Source material:
-- -- --

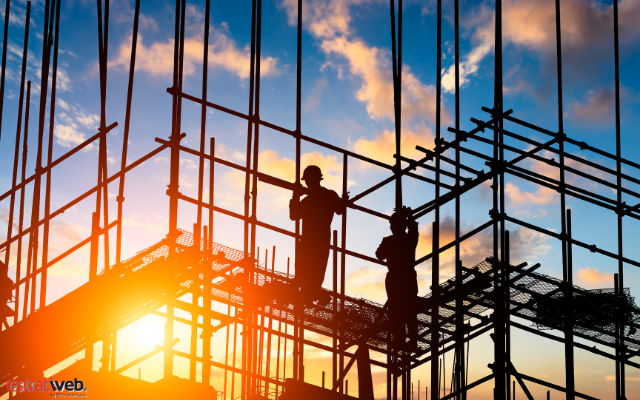 se frena la industria de la construcción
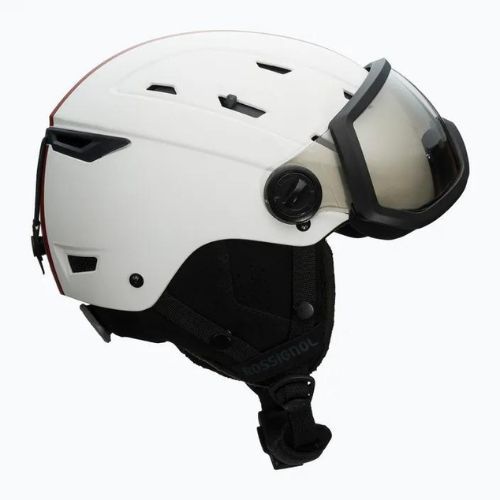 Шолом Rossignol Allspeed Visor Imp Photo strato white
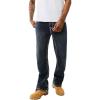True Religion Men’s Billy Super T Flap 1/2″ Blue Black(Fleet Blue Black)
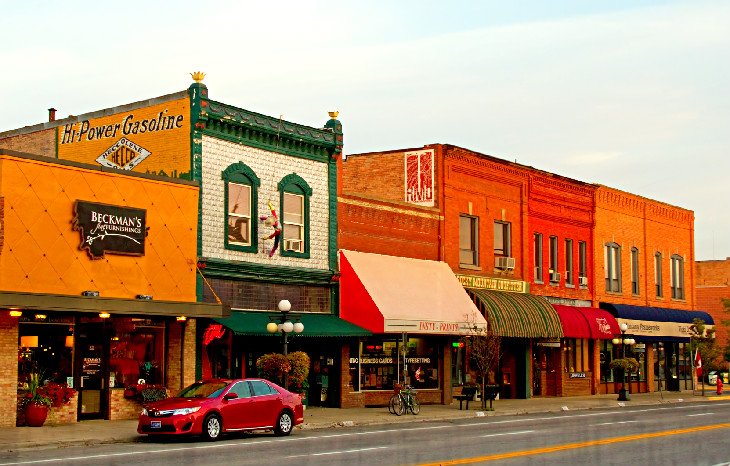 Kalispell storefronts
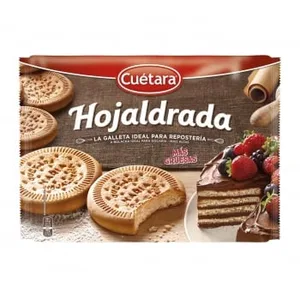 Galleta Hojaldrada Cuétara 600 G.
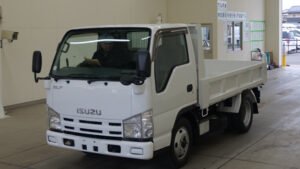 2008 Dump Tipper Truck Isuzu Elf BDG-NKR85AD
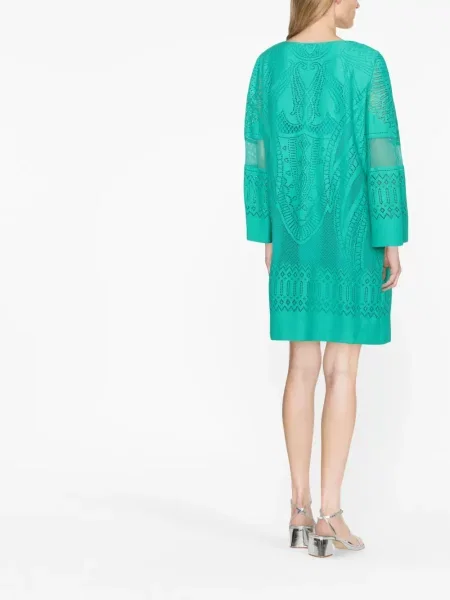 Φόρεμα Alberta Ferretti πράσινο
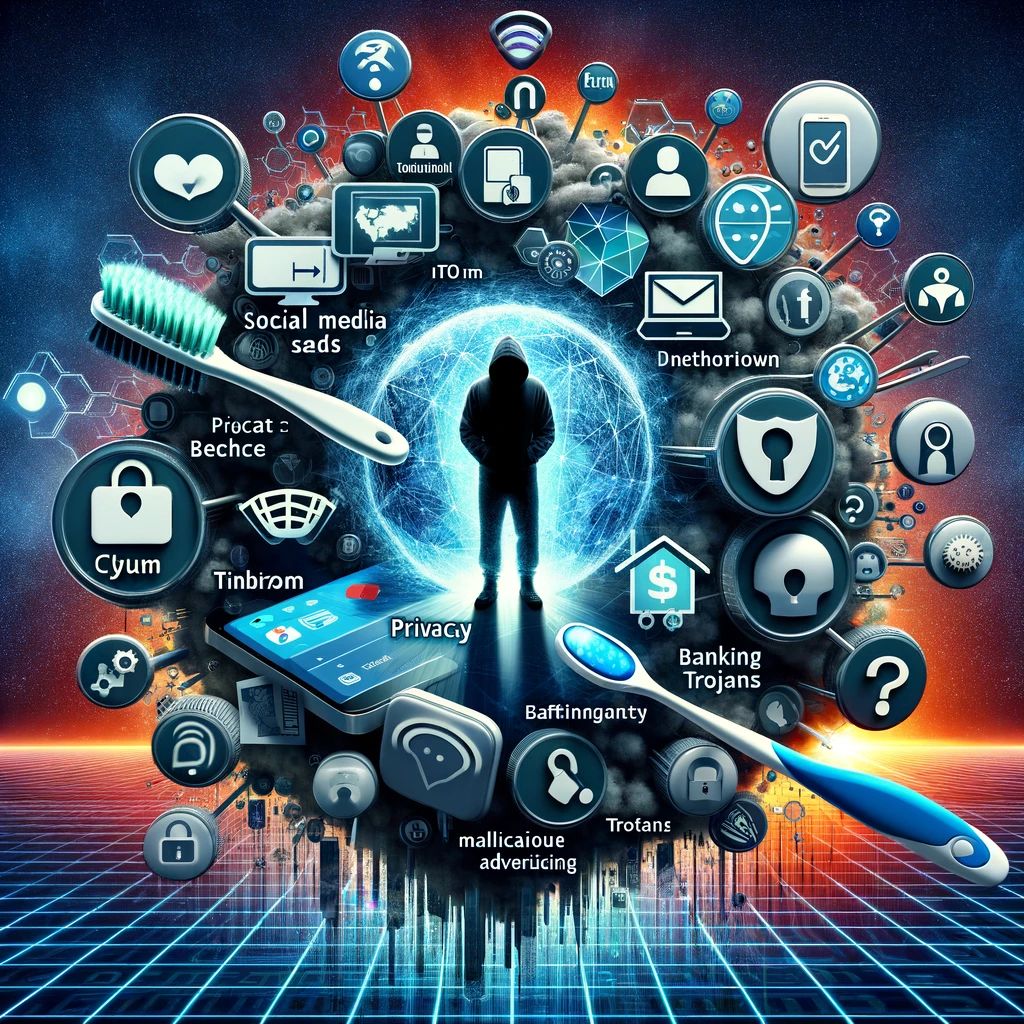 歯ブラシがDDoS攻撃の道具に？最新のサイバーセキュリティ動向を解説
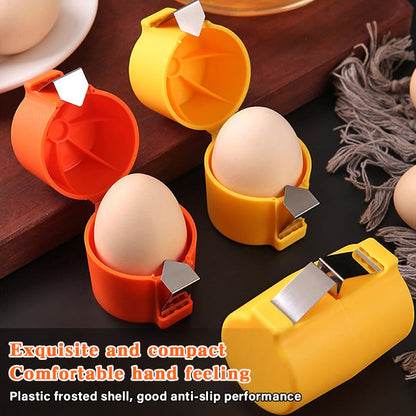 🍳 zeitlich begrenzt /nur für kurze Zeit！！ & Eigelb-Separator – hygienisch, einfach in der Handhabung & vielseitig für rohe und gekochte Eier 🥚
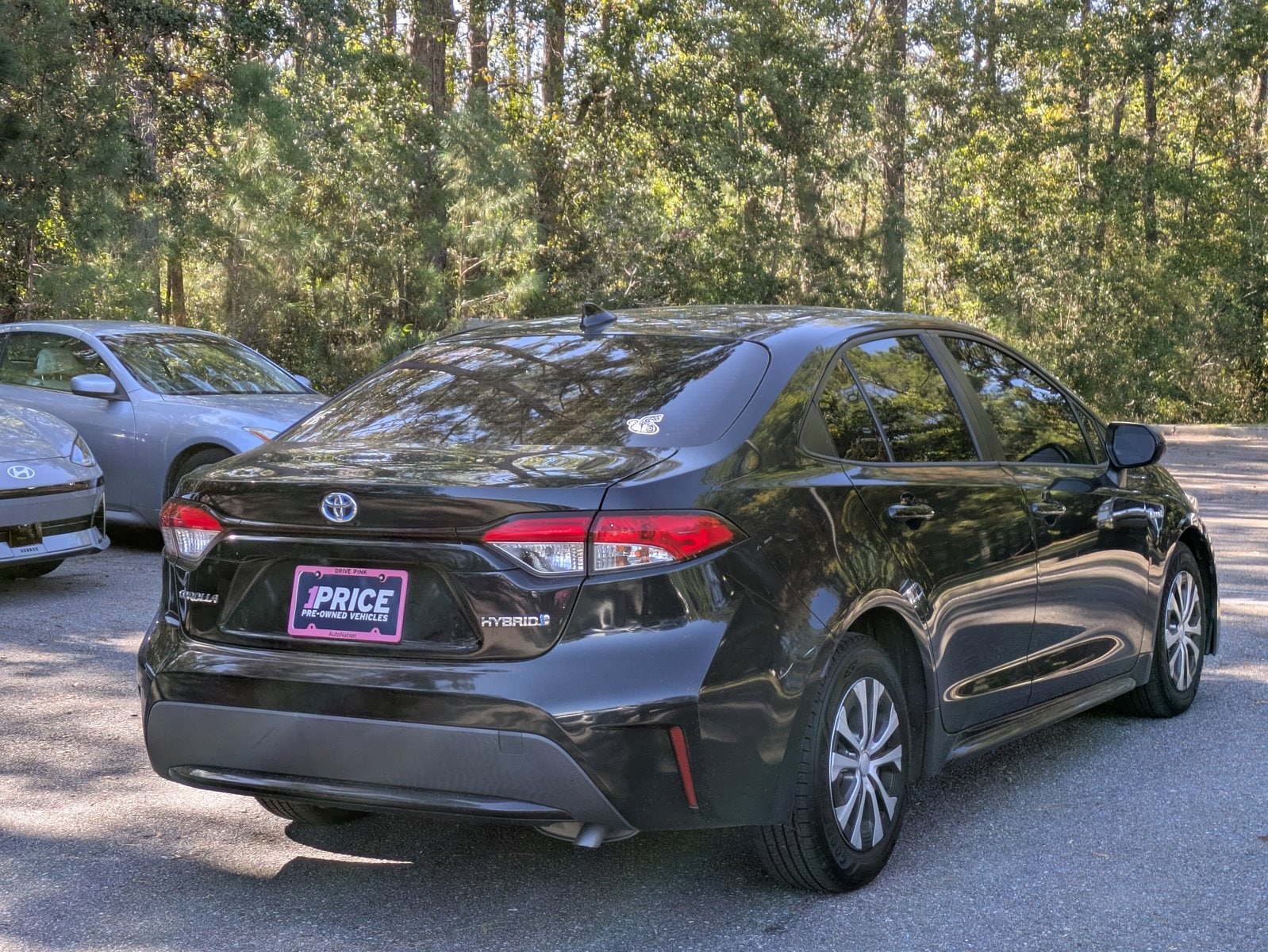 Used 2020 Toyota Corolla LE with VIN JTDEBRBE3LJ018679 for sale in Hardeeville, SC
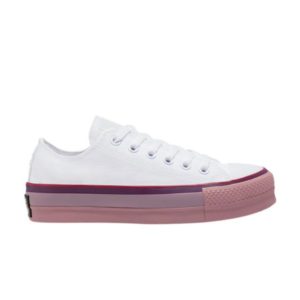 Sneakers OPI x Wmns Converse Chuck Taylor All Star Platform Low White Rust Pink 566557C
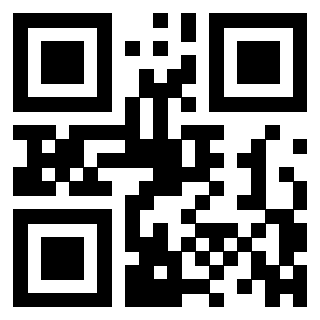 Scansione del QrCode di 3308845315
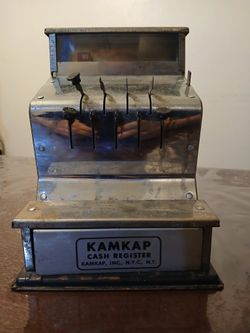 Kamkap Cash Register 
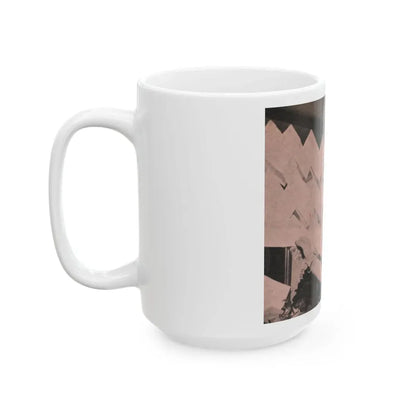 Terry Moore #521 - Magazine Photo Page Clipping (Vintage Female Icon) White Coffee Mug - Go Mug Yourself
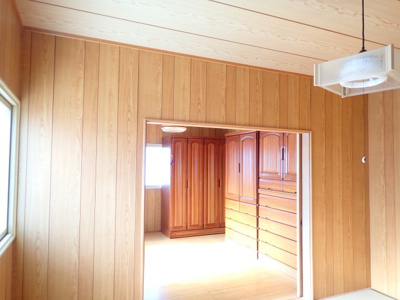 【和室】 | 黒石市緑町　中古住宅 | ２階和室8帖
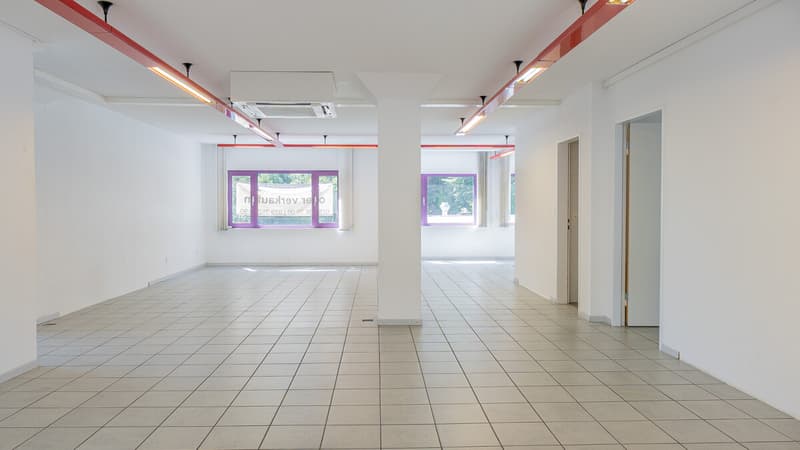 Espace de bureau divisible et atelier dans un emplacement idéal à Visp (9)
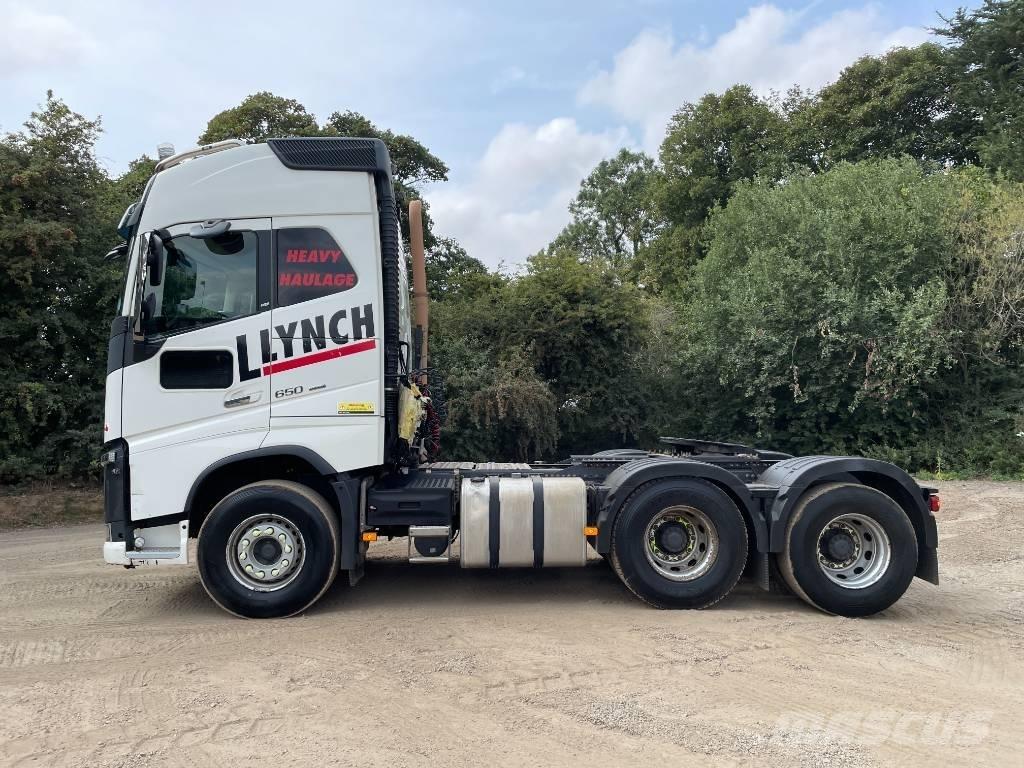 Volvo FH 16 650 Naudoti vilkikai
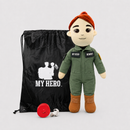Pilot Daddy Doll | Military Doll in Flight Suit | Recordable-25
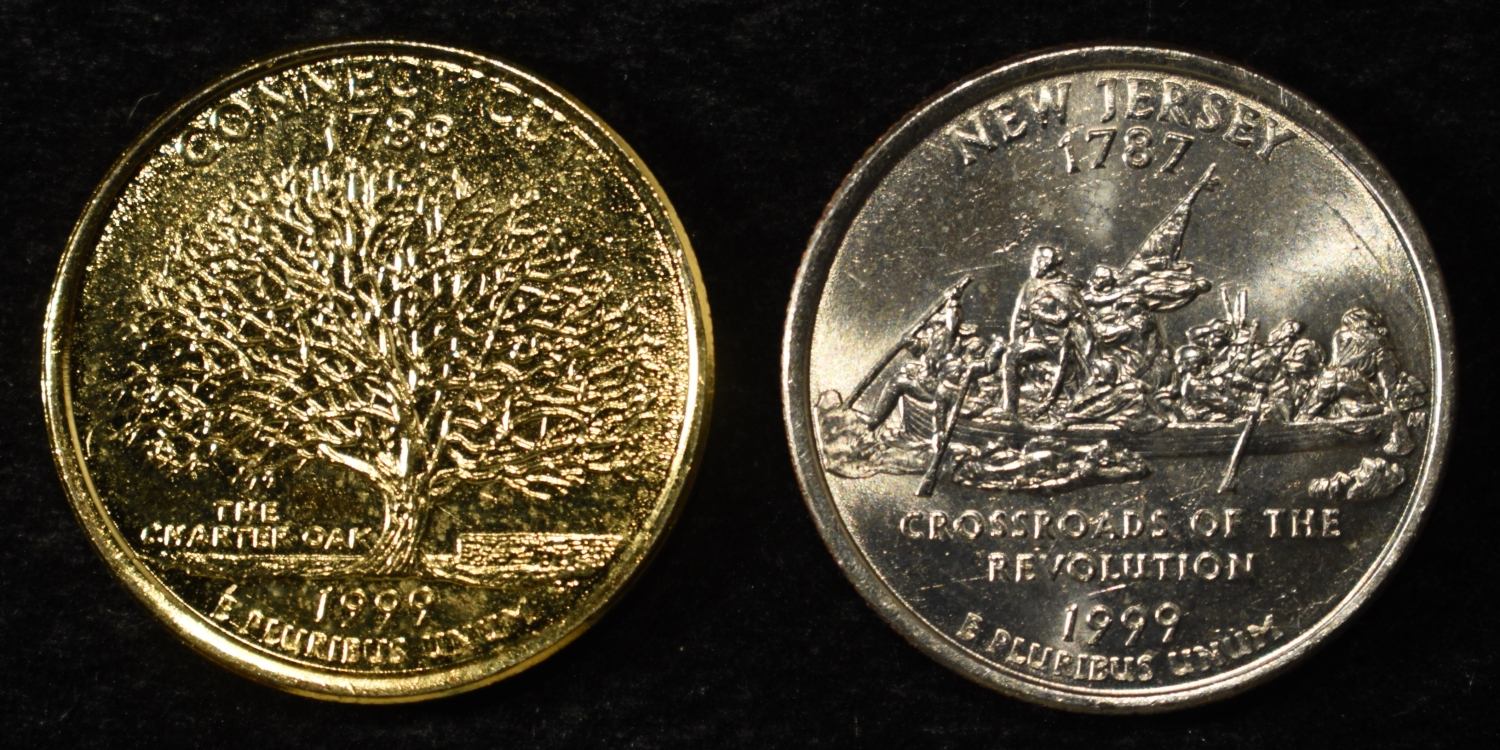 (128) STATE QUARTERS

-- -- --

What you need to do: Set the pictures aside and retype exactly the lines above from the line with "Terry Moore #521" to the line with "Pilot Daddy Doll", both included, adding no others.

Response to this exercise:
 Terry Moore #521 - Magazine Photo Page Clipping (Vintage Female Icon) White Coffee Mug - Go Mug Yourself
 【和室】 | 黒石市緑町　中古住宅 | ２階和室8帖
 Espace de bureau divisible et atelier dans un emplacement idéal à Visp (9)
 Volvo FH 16 650 Naudoti vilkikai
Pilot Daddy Doll | Military Doll in Flight Suit | Recordable-25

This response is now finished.